# Play sand won't settle.



## ineedfire (Jun 17, 2012)

I replaced my gravel in my turtle tank with play sand just as a bit of a change. I rinsed the 30kg of sand a few times and the water was coming out fairly clear. But then when I put it in the tank and filled it, it went extremely cloudy again. I didn't turn my filter on hoping it would just settle but it's been almost two days and I can't see my hand on the back of the tank. Should I just take it out and replace it with PFS? The PFS I put in my 3foot temp tank I didn't even rinse and it was cloudy for only 24-48 hours then clear as crystal. But the play sand just doesn't seem to have changed. 

Should I do daily water changes? Just constant water changes till its clear? Or just throw it out and replace it with PFS..?


----------



## Diana (Jan 14, 2010)

Play sand is bad. Too many fines, even if you rinse it. Remove it. 
PFS is the way to go if you want sand substrate. 
Even coarser sand and similar materials work well, too. You want a graded product so pretty much all the particles are the same size. Some rinsing will help because in the bag some particles may break apart, there will be some dust, but it is nowhere near the amount of dust that you find in most play sand. 

Where do they get that idea, anyway? If I was building a sand box for my kids to play in I would want a coarse sand that falls off just by brushing it off. Not that fine stuff, almost like flour.


----------



## ineedfire (Jun 17, 2012)

My friend has this same play sand in his tank but less then an inch layering the base. I now know why. He suggested I go out and buy some which i did as it looked really clean and nice in his tank. 

My first thought when rinsing was that it was super fine. But I figured if I let it sit in the tank it would settle down and I could start cycling the tank again but it just isn't going to happen. I'll throw it out and buy some PFS I think. Will be the quickest and best solution. I don't n ow why I have heard good things about it when my experience has been this horrible!

I've just cleaned my filter and it had some sand through it so I definitely wouldn't want to put fish or my turtle back in there. They would likely suffocate or swallow a tonne of floating sand. 

Take this as a warning to anyone thinking of using play sand.


----------



## reefdive (Aug 16, 2011)

Play sand never settles especially if you have active bottom dwellers like cory or pleco


----------



## angelsword (May 16, 2009)

My play sand tanks are clear and they have plecos and corries. I stir mine up with my fingers during each water change and it settles as soon as I stop moving it around. I rinse mine really well. I put it in a bucket and run the hose through it for like an hour.

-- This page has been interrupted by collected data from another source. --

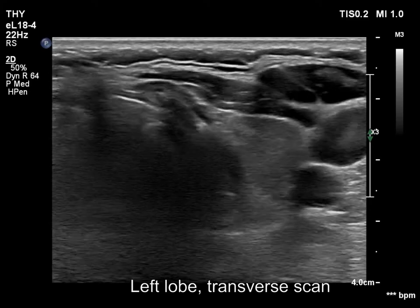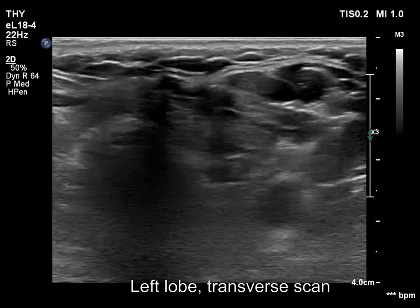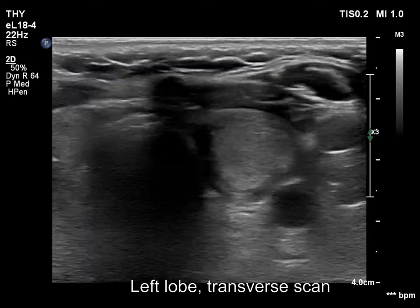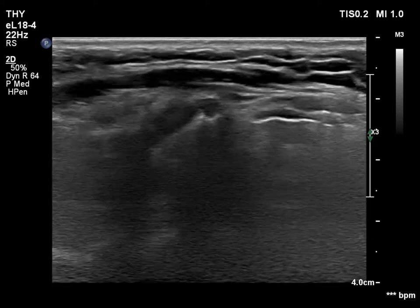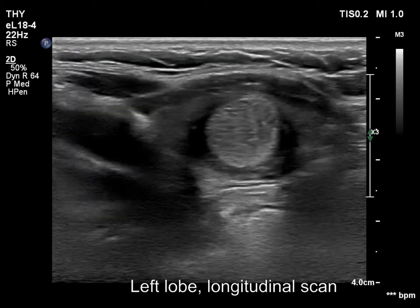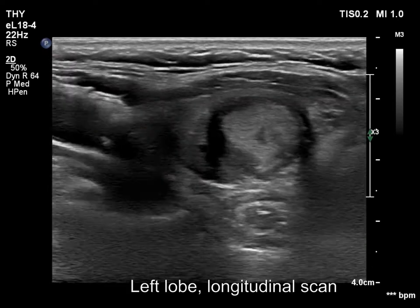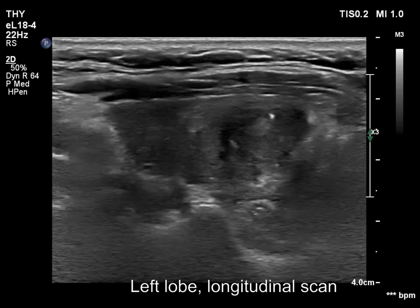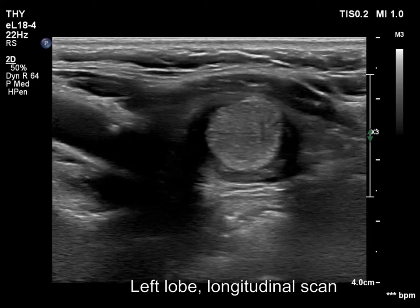The left lobe is demonstrated, first with better harmonization. There is an isohyperechoic nodule within. The nodule has pale granules and lines, which are presentations of connective tissue.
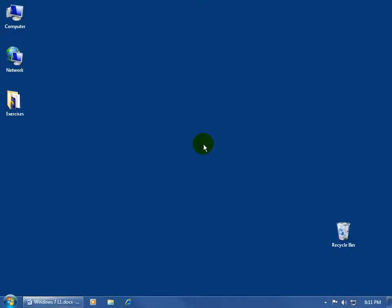The very first place that you'll come to or screen that you'll see after you log in to Windows 7 is going to be your desktop here. Your desktop is ground zero or your starting place to begin working on your computer.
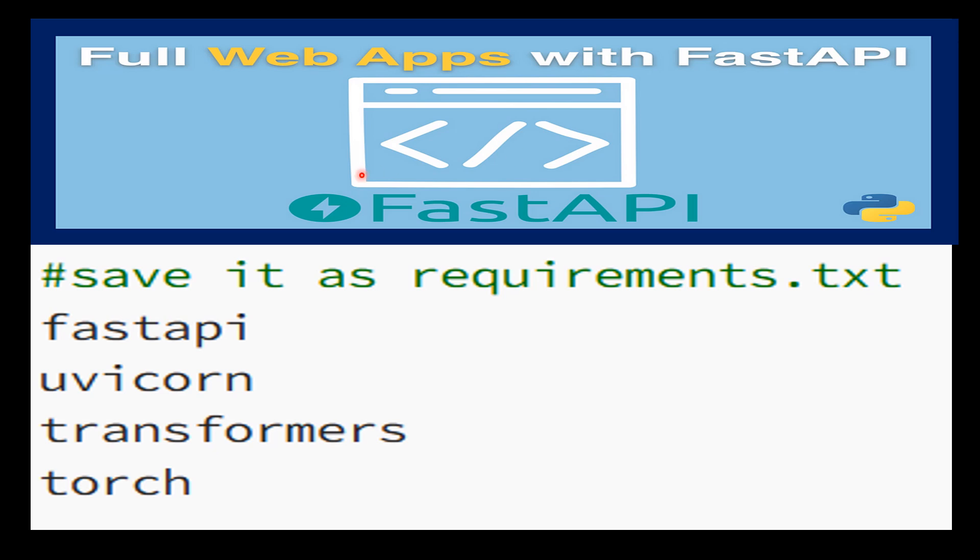Uvicorn is a Python 3.7+ ASGI server, high-performance, lightweight, and modular. It's used for running FastAPI applications. Transformers is a state-of-the-art library for natural language processing. Torch is the core library for PyTorch, a Python machine learning library that provides a simple and flexible interface for defining computational graphs.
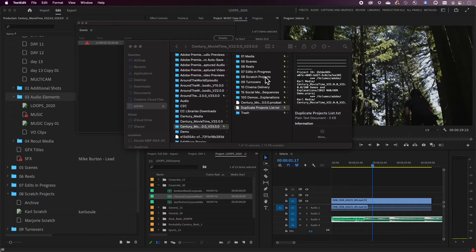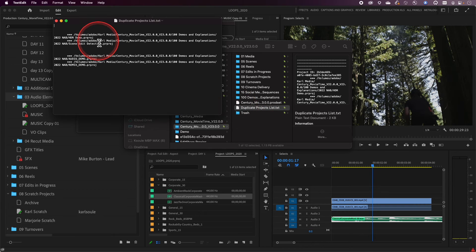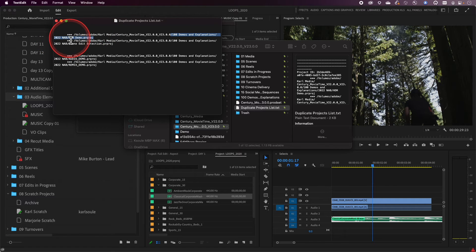The way to fix this — and this is one of those rare cases where at the operating system level I'm actually going to make some changes to the production folder. Normally we tell you to let Premiere manage this and make changes through the production panel inside Premiere. This is one of those cases where we're actually going to move some stuff out of the production folder onto the desktop, and then use 'add project to production' to bring them back in. So look at this text file and you'll see some pathways here — it's showing that in my folder called '100 demos and explanations,' in the 2022 NAB folder, there is a project called 'HDR demo' that has a duplicate ID with a different project called 'scene edit detection.'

I end up with less sand than I started with so I probably flush out the smaller particles. I'd say take it out and rinse like crazy. Is it possible the turtle is disturbing the sand?


----------



## ineedfire (Jun 17, 2012)

I didn't put any fish or my turtle in it since it was so cloudy. Didn't want them to be breathing in lots of little sand particles or scratching turtles eyes or anything. I took most of it out. Left a few mm and capped it with my old gravel after I cleaned it. Waters still a tiny bit cloudy but it's definitely habitable.


----------



## Eldachleich (Jul 9, 2011)

Weird.... My friend has play sand in her tank and it never makes anything cloudy. Even if something digging around in it it just falls back to the bottom mess free right away.
I do remember washing that stuff though. Took forever.
We did it at my house since I have a yard and she doesnt.. Pretty much spent a whole day with a hose stuck in a bucket on full blast.. My dahlias were very happy though.
Maybe you didn't rinse it enough?

I personally think the rinsing is a hassle. I go for PFS if I want coarse sand. Caribsea sand if I want fine sand.
Caribsea rinses quickly but costs a fair bit more. Looks really nice though.
She is cheap so she would rather pay and rinse all day. Lucky she didn't see my water bill lol..


----------



## BruceF (Aug 5, 2011)

I find it is all in the filling. Very slow water flow into a dish usually works. Once it all settles it seems to be fine. I would suck all the water out and refill it. I have always used play sand because it is cheap. I used to rinse it over and over until it came clear, now I don’t even bother. Now I put potting soil under it.


----------



## secuono (Nov 19, 2009)

I like play sand and used it in all my tanks, but then I found sand blasting sand and switched to that just because it's black. 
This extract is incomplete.